WHAT THE TASK REQUIRES
Because only the text is wanted, repeat the records below exactly and omit the pictures.

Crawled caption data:
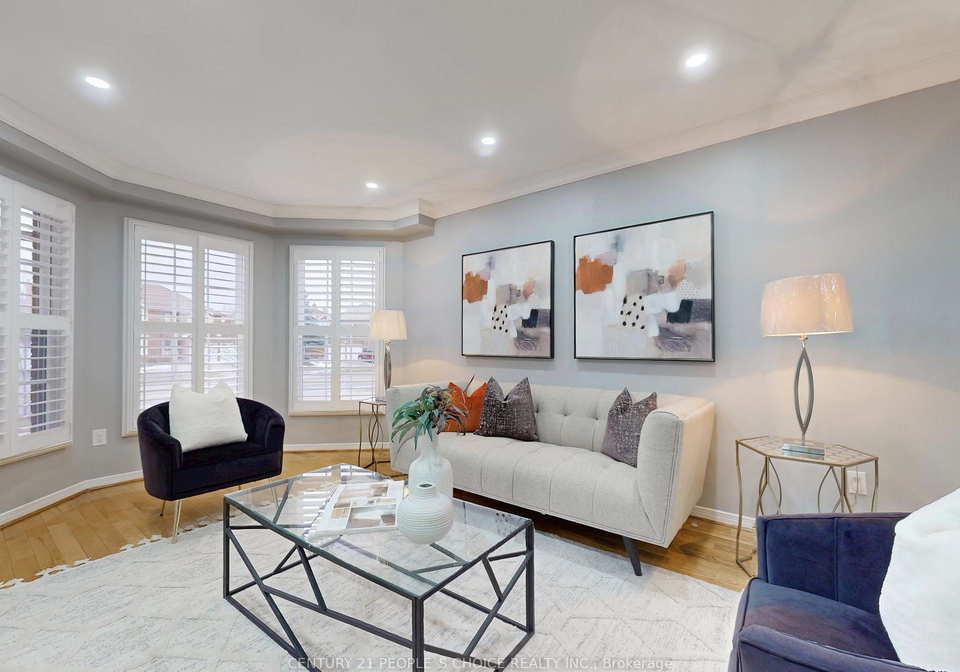 1617-bristol-road-w-mississauga-ontario-w12763156
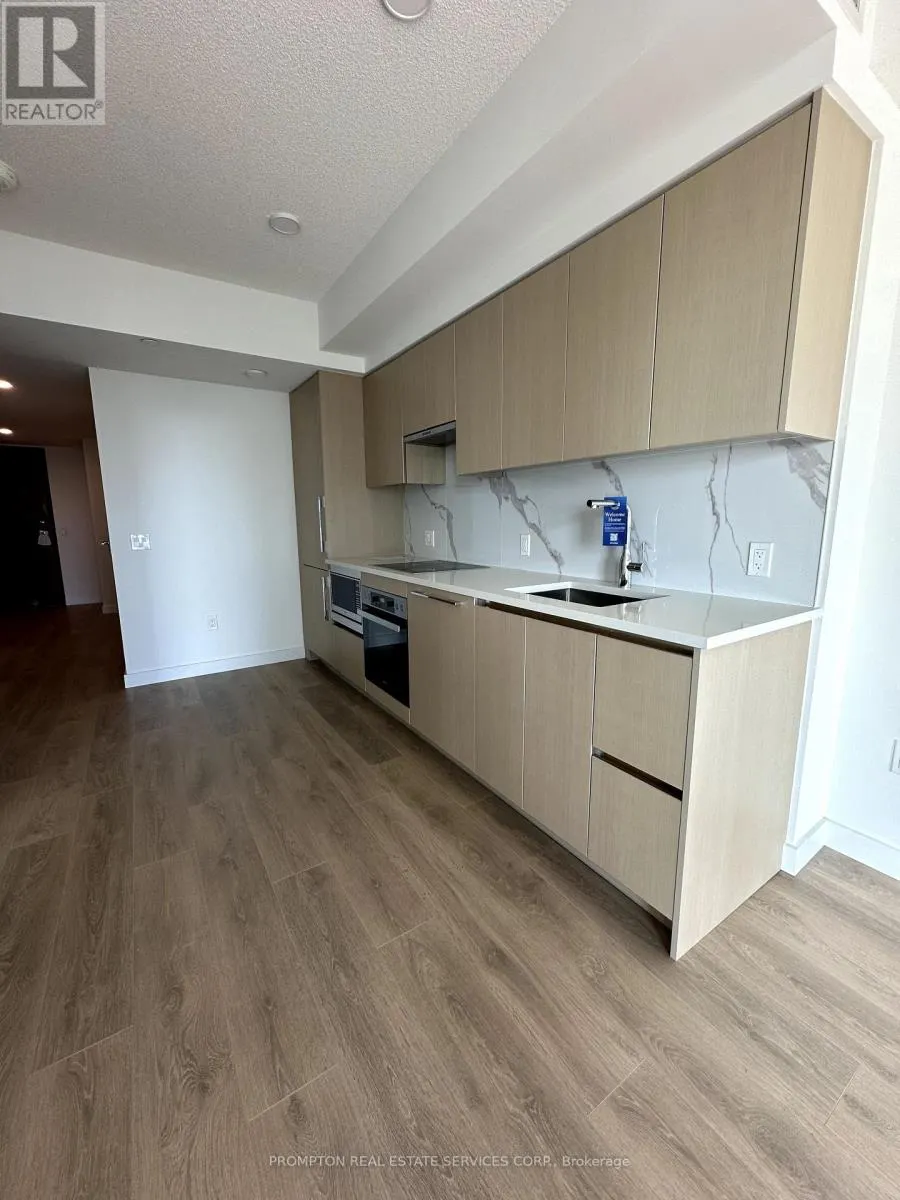 2006 - 1 CONCORD CITYPLACE WAY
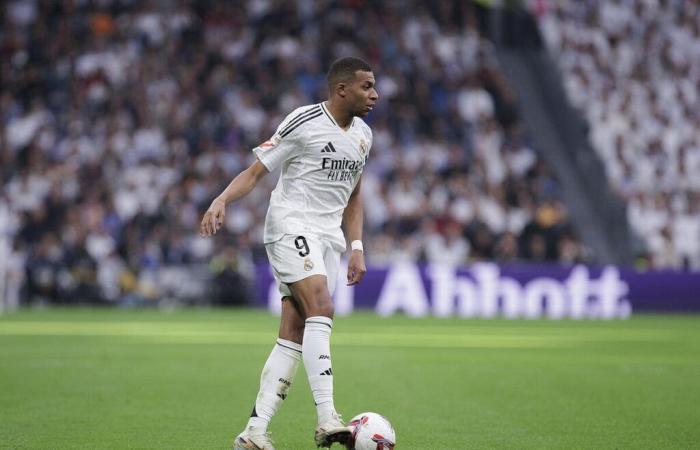 Esp: Il trucco del narghilè, Mbappé non lo farà due volte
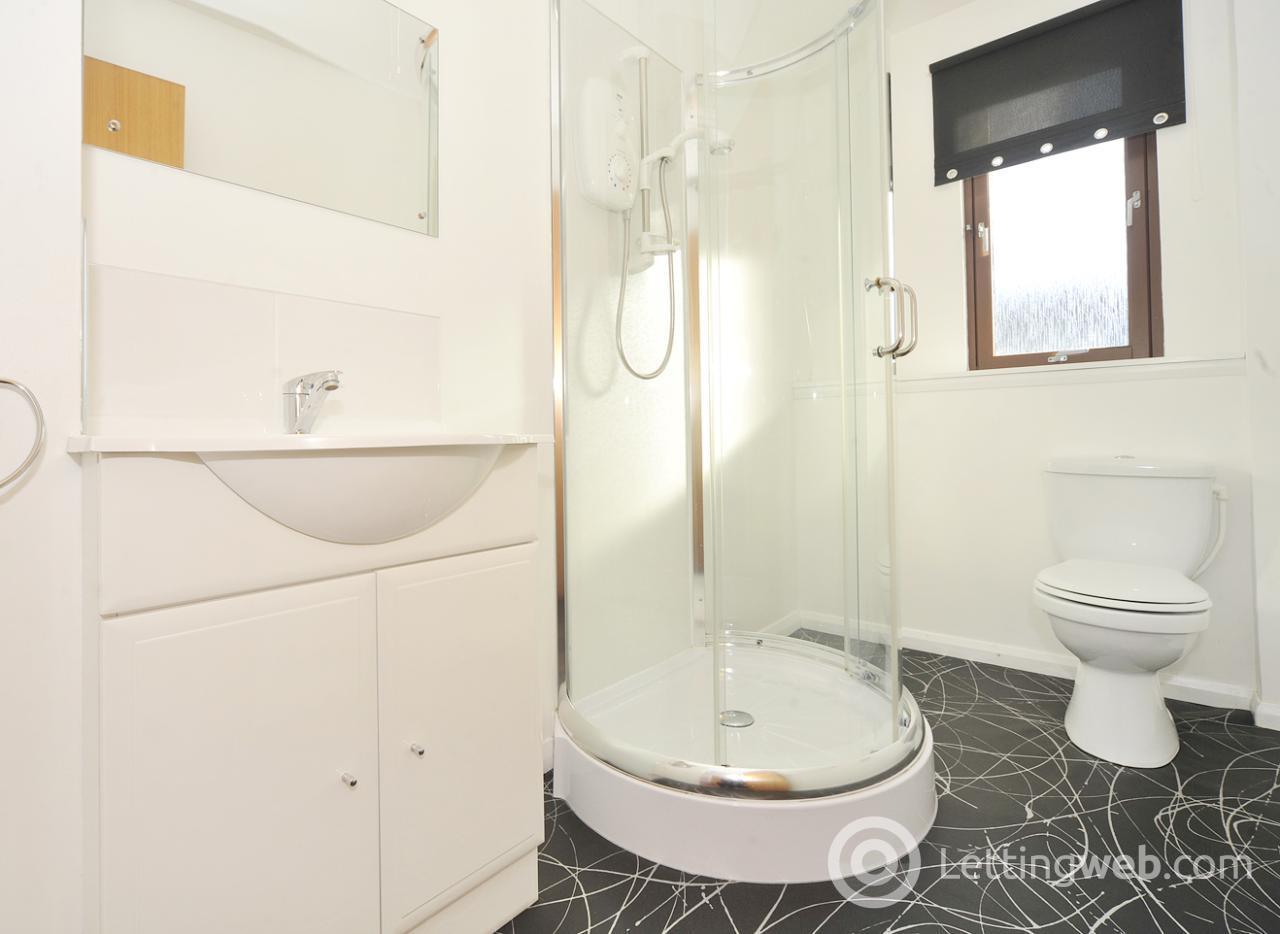 Property to rent in Headland Court, Aberdeen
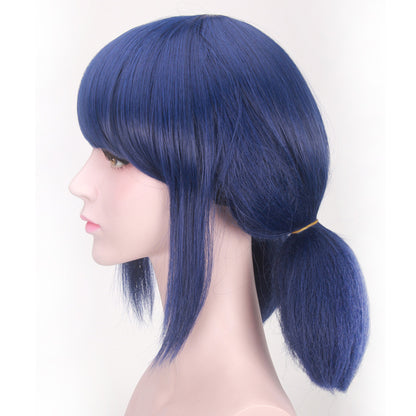 Cosplay wig - Fantasiko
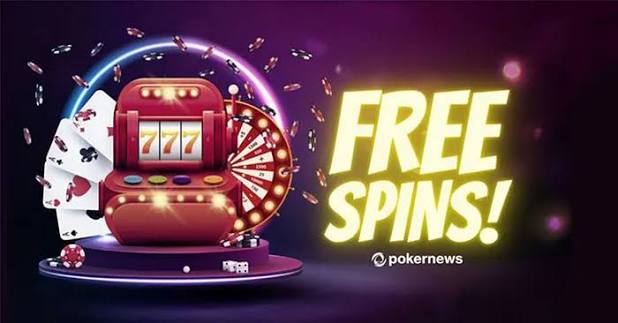 Exploring Freshbet Sister Sites Discovering Alternative Online Casinos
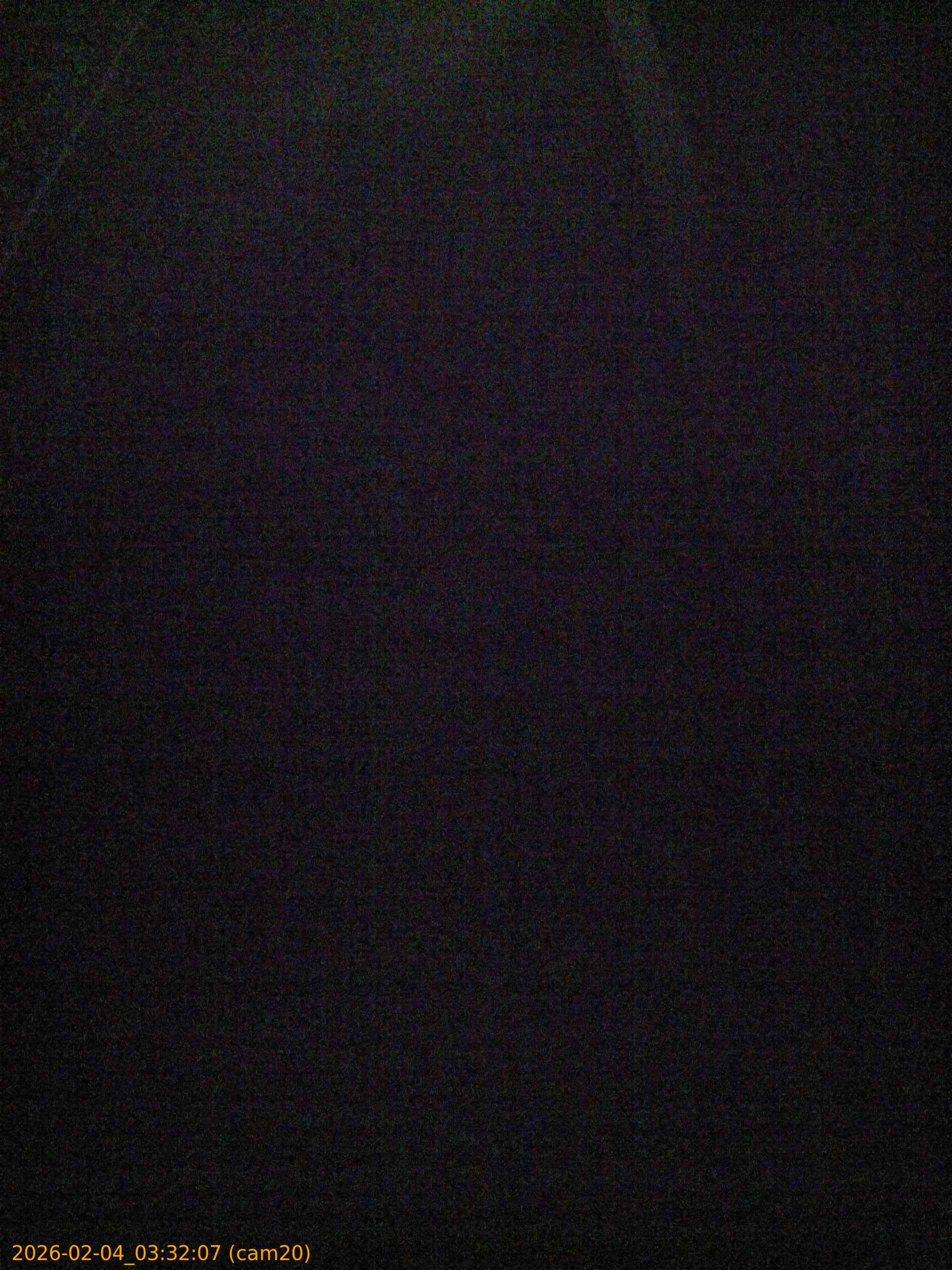 thumbnail_20260204033207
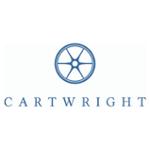 Cartwright Bag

FINISHED EXERCISE
 1617-bristol-road-w-mississauga-ontario-w12763156
 2006 - 1 CONCORD CITYPLACE WAY
 Esp: Il trucco del narghilè, Mbappé non lo farà due volte
 Property to rent in Headland Court, Aberdeen
 Cosplay wig - Fantasiko
 Exploring Freshbet Sister Sites Discovering Alternative Online Casinos
 thumbnail_20260204033207
 Cartwright Bag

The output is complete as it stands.